Davantage que par sa beauté plastique toutefois indéniable, Ivalu séduit à travers sa mise en parallèle de l’odyssée intime de Pipaluk, et les évocations d’une culture inuite qu’on devine mourante devant la modernité qui gagne le Groenland. Le choix de nommer la sœur Ivalu, “fil” en langage eskimo, prend tout son sens. La protagoniste est invitée à remonter le cordon fragile d’une tradition lointaine, et le court métrage réaffirme cette métaphore à travers un pull traditionnel cousu par la grand-mère du personnage principal, transmis à chacune des deux sœurs. En s’appropriant des légendes propres aux inuits dans plusieurs flashbacks, Ivalu devient la garante de mythes ancestraux qui s’opposent à un urbanisme qui empiète sur la nature. Ainsi, une base militaire dont on pense que le sol empoisonné gangrène la flore groenlandaise, laisse à penser que les temps modernes mettent à mort la pureté immémoriale du pays. L’identité eskimo est agonisante et Anders Walter incite les membres de la nouvelle génération à en être les dépositaires, les invitant à conserver un lien avec leurs racines. La confiance envers une jeunesse naissante pleine d’espoir se heurte dramatiquement à des parents qui ont abandonné l’âme de leurs ancêtres lointains. Le père des deux jeunes filles, assez grossièrement caractérisé, n’est ainsi montré que dans le cadre de la maison familiale ou au cours d’une cérémonie religieuse catholique, loin des croyances inuites. À l’inverse, Pipaluk abandonne les villes pour renouer avec des terres sauvages.
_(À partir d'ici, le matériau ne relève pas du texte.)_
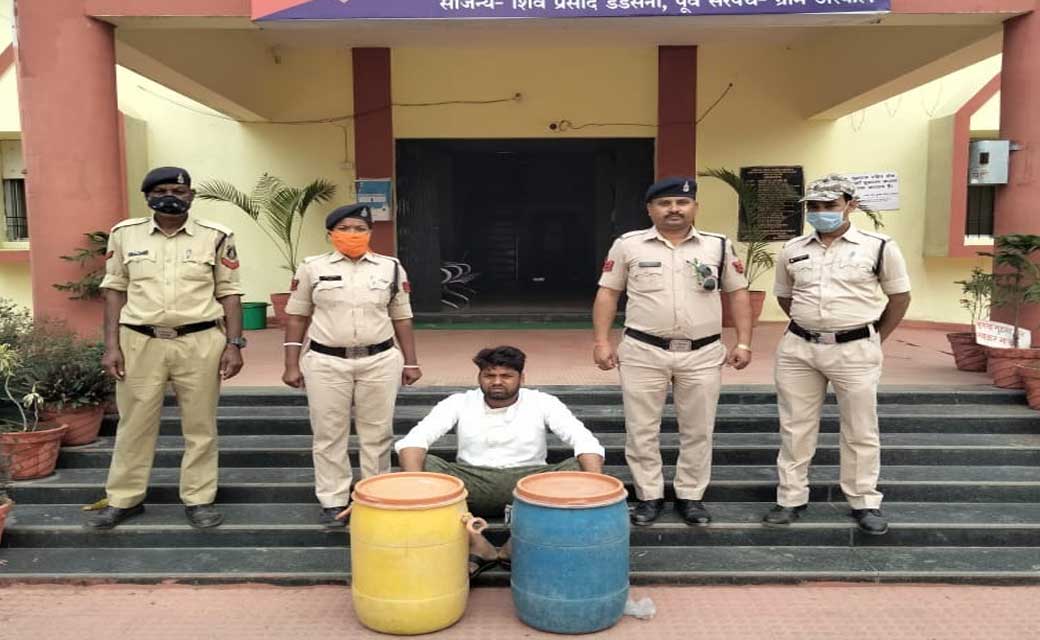 बसना : 75 लीटर महुआ शराब जप्त.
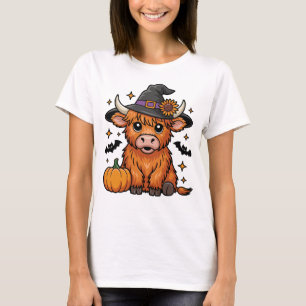 Cute Highland Cow Witch with Pumpkin Halloween  T-Shirt
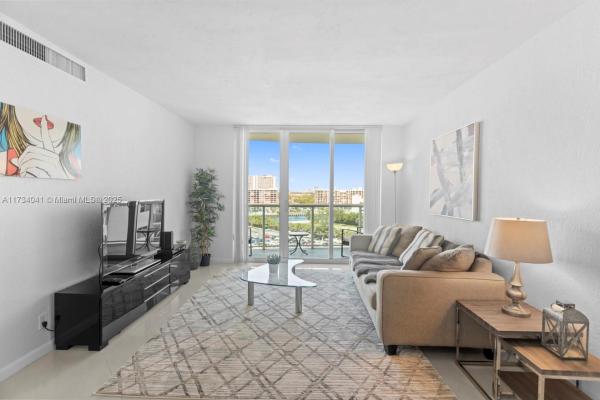 Tides On Hollywood Beach, 3801 S Ocean Dr #10Q, Hollywood, Florida 33019, image 1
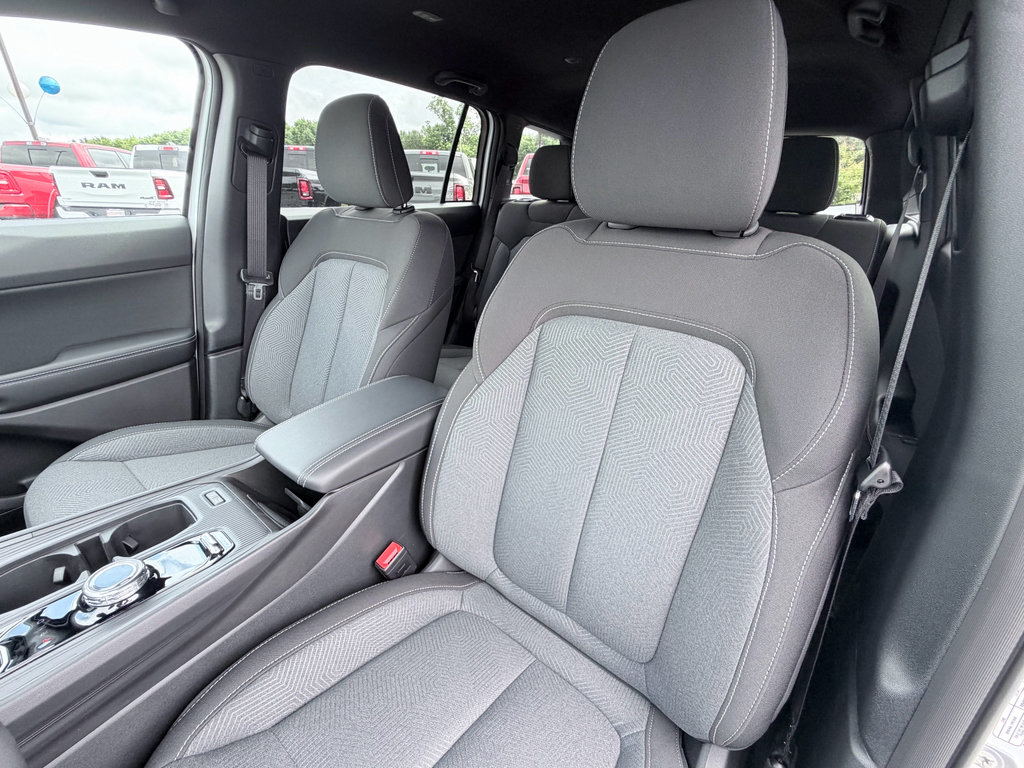 New 2026 Jeep Cherokee Laredo AWD/4WD image 21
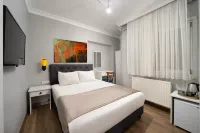 Galley Port Hotel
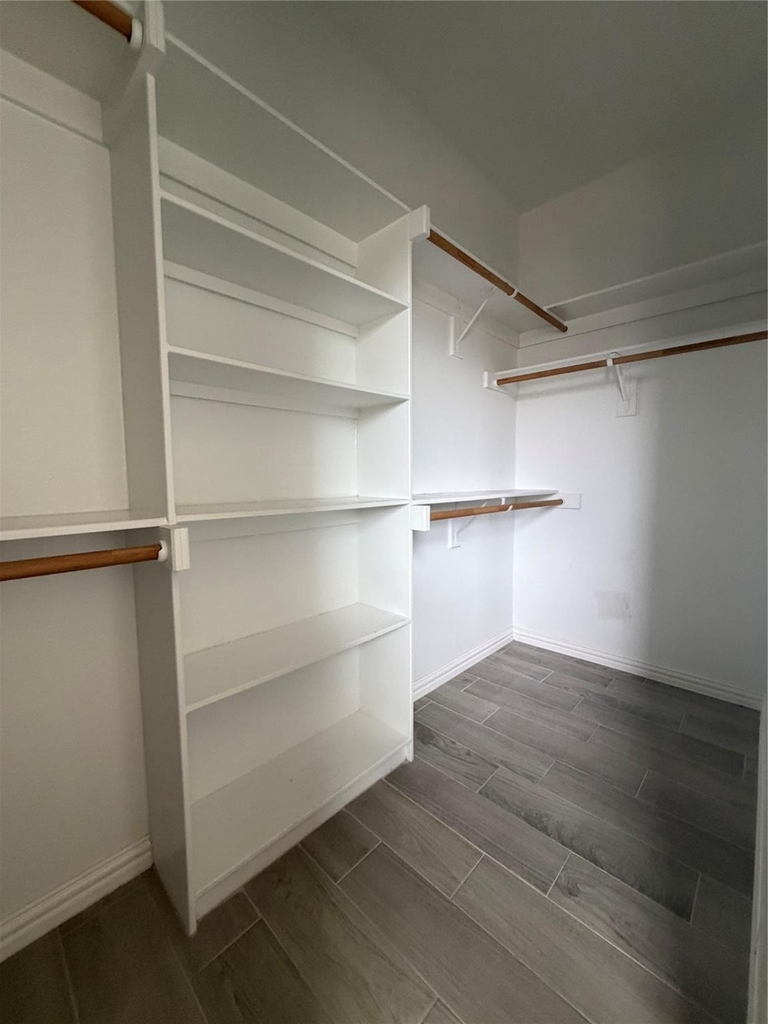 6111 Collins Court - Photo 8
Pour accentuer le combat idéologique entre père et filles, Ivalu fait reposer la résolution de l’échelle intime de son intrigue sur une scène censée marquer le basculement dramatique du court métrage vers un effroi absolu. Malheureusement, l’instant choc essentiel à l’appréciation du film pâtit d’une réalisation défaillante. Loin de réussir à susciter le séisme moral voulu, le cinéaste prive sa séquence de toute subtilité à travers un enchaînement de fondus et de ralentis qui confinent aux effets de manche malhabiles. Le voile du mystère se lève, le court métrage quitte volontairement les visuels de la nature d’une façon très abrupte pour gifler le spectateur, mais la grotesquerie de la mise en image perturbe l’intensité de cette vision de l’horreur. Si la fragilité d’Ivalu faisait jusqu’alors une partie de sa force, le récit devient maladroit et conduit à une conclusion étrangement vague, loin de ponctuer correctement le propos profond d’Anders Walter.
Ivalu est un film à deux visages, l’un séduisant de subtilité, l’autre exaspérant de maladresses. Au-delà du voyage visuel et culturel dépaysant, le drame déçoit.